• [Exercise] Pictures in the entries below are excluded; copy only the lines from the one containing "Tequesta, FL 33469" to the one containing "Building Photo - 542 Boulevard NE", both included.

• [Data excerpts]
──────────

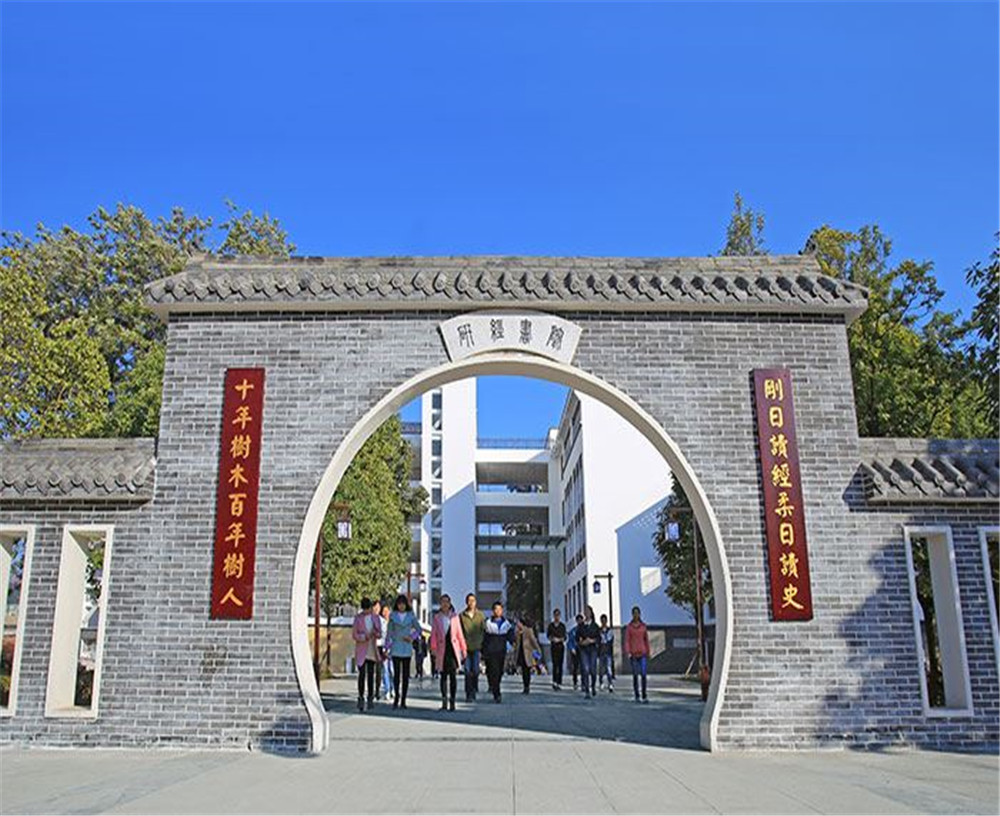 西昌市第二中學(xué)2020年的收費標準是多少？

──────────

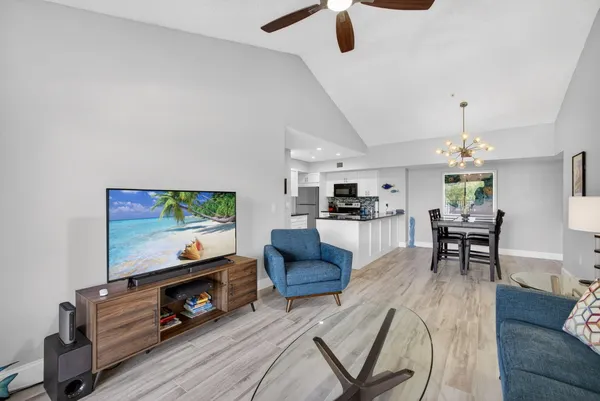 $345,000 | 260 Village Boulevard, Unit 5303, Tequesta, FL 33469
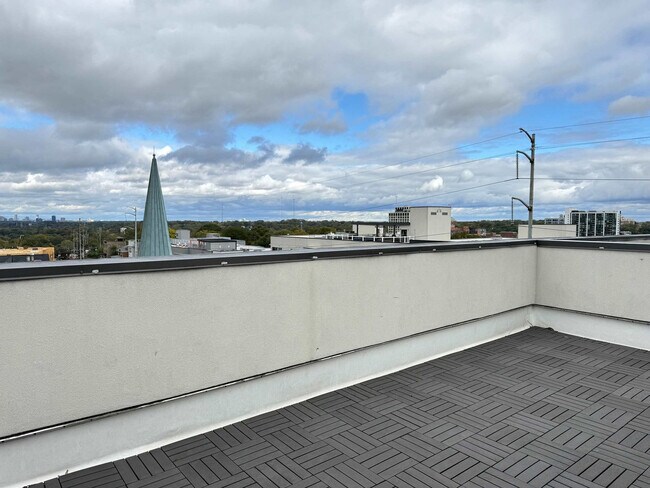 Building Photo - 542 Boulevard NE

──────────

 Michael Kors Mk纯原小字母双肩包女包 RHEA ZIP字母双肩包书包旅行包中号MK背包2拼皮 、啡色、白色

──────────

• [Finished task]
 $345,000 | 260 Village Boulevard, Unit 5303, Tequesta, FL 33469
 Building Photo - 542 Boulevard NE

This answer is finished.